A linguagem literária possui uma lógica interna e pode estabelecer uma rede de relações com poucas palavras. Por exemplo, ao falar do português como a última flor do Lácio, inculta e bela, o leitor imediatamente recupera o poema de Olavo Bilac, e isso pode ser utilizado para criar uma intertextualidade, seja ela respeitosa ou derrisória. E, claro, o tipo de relação estabelecida varia de obra para obra e de autor para autor, havendo nisso interessante material de análise para os críticos literários.
Não se pode deixar de levar em conta as particularidades da própria escola literária a que o autor pode ser filiado, seja de maneira tensa ou harmônica. Ou seja, a linguagem utilizada por um parnasiano pode não ser a mesma de um modernista, por exemplo, e a tradução deve levar em conta esse traço particular. Não convém traduzir um Oswald de Andrade com o mesmo linguajar que Camões, é claro, sem que um dos dois saia bastante mutilado.

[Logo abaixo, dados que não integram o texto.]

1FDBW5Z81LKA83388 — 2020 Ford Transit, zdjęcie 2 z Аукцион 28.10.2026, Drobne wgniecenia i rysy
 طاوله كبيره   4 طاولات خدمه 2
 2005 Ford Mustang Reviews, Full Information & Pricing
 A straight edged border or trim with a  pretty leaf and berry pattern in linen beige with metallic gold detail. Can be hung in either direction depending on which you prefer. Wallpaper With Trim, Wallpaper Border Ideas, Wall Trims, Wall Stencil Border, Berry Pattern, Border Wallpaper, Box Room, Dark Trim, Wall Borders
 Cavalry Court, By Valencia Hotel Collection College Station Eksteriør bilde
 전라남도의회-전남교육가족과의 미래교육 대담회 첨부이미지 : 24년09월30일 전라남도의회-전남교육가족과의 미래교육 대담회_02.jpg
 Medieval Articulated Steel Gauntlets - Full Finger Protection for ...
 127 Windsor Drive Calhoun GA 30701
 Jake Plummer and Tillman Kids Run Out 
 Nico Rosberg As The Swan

Por isso, antes de mais nada, uma tradução literária é fruto de uma leitura, de uma determinada análise do texto original e, portanto, subjetiva.
Some-se a isso que cada obra é produzida dentro de um determinado sistema literário, único e irreproduzível, e acaba pressupondo, muitas vezes, um leitor familiarizado com certas intertextualidades e referências da cultura original. O tradutor, por mais habilidoso que seja, não pode criar o repertório cultural em seu leitor, que chega à tradução munido de uma carga de leitura própria. Em certo sentido, o profissional precisará lidar com essa finíssima rede literária com os meios de que dispõe, e eles são vários. Em um extremo temos a evidenciação dessas relações por meio de notas; e, no outro extremo, a confiança na capacidade do leitor. Ambos podem gerar ruídos que dificultam a fruição do texto.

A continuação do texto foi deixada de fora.